Yes that is true, but you would be a fool to not relize all the talent on that island which doesnt get out.

tripleaaaron
07-27-2007, 07:14 PM
I've always been interested, here is what I've found:

per http://www.baseball-almanac.com/ws/wsmenu.shtml:

"Although the "Fall Classic" as we know it didn't begin until 1903, Major League Baseball had several versions of a post-season championship series before that. In 1884, the Providence Grays of the National League outplayed the New York Metropolitan Club of the American Association in a three game series for what was originally called "The Championship of the United States." Several newspapers penned the Grays as "World Champions" and the new title stuck. Over the next six years, different variations took place between the National League and American Association pennant-winners, ranging in length from six to fifteen games. The American Association folded unexpectedly after the 1891 season forcing a suspension of the series. The following year, the National League absorbed four of the American Association's former franchises and expanded to twelve teams in an effort to promote the growth of baseball and maintain the public's interest. They played a split season in which the first-half winner played the second-half winner for the league championship. Many fans did not support the new system and the split season was promptly dropped in 1893."
Origin of the Name "World Series"

One baseball myth that just won't die is that the "World Series" was named for the New York World newspaper, which supposedly sponsored the earliest contests. It didn't, and it wasn't.

In fact, the postseason series between the AL and NL champs was originally known as the "Championship of the World" or "World's Championship Series." That was shortened through usage to "World's Series" and finally to "World Series."

This usage can be traced through the annual baseball guides. Spalding's Base Ball Guide for 1887 reported the results of the 1886 postseason series between Chicago, champions of the National League, and St. Louis, champions of the American Association, under the heading "The World's Championship." As the editor noted, the two leagues "both entitle their championship contests each season as those for the base ball championship of the United States," so a more grandiose name was required to describe the postseason showdown between the two "champions of the United States."

But the Spalding Guide -- which, after all, was published by one of the world's largest sporting goods companies, with a vested interest in bringing baseball to other lands -- had grander ambitions. By 1890, the Spalding Guide was explaining that "[t]he base ball championship of the United States necessarily includes that of the entire world, though the time will come when Australia will step in as a rival, and after that country will come Great Britain; but all that is for the future."

This didn't happen, but the name "World's Championship Series" stuck. Reporting on the first modern postseason series, the Red Sox-Pirates battle of 1903, the 1904 Reach Guide called it the "World's Championship Series." By 1912, Reach's headline spoke of the "World's Series," while editor Francis Richter's text still referred to the "World's Championship Series." The Reach Guide switched from "World's Series" to "World Series" in 1931, retaining the modern usage through its merger with the Spalding Guide and through its final issue in 1941. The separately-edited Spalding Guide used "World's Series" through 1916, switching to "World Series" in the 1917 edition.
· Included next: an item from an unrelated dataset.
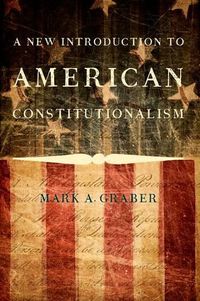 Cover image for A New Introduction to American Constitutionalism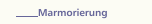 Marmorierung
The Spalding-Reach Guide was replaced as Major League Baseball's semi-official annual by the Sporting News Guide, first published in 1942. The Sporting News Guide used "World's Series" from 1942 through 1963, changing to "World Series" in the 1964 edition.
Per Origin of the Name "World Series"

Moreover, the New York World never claimed any connection with postseason baseball. The World was a tabloid much given to flamboyant self-promotion. If it had been involved in any way with sponsoring a championship series, the fact would have been emblazoned across its sports pages for months. I reviewed every issue of the World for the months leading up to the 1903 and 1905 World's Championship Series -- there's not a word suggesting any link between the paper and the series.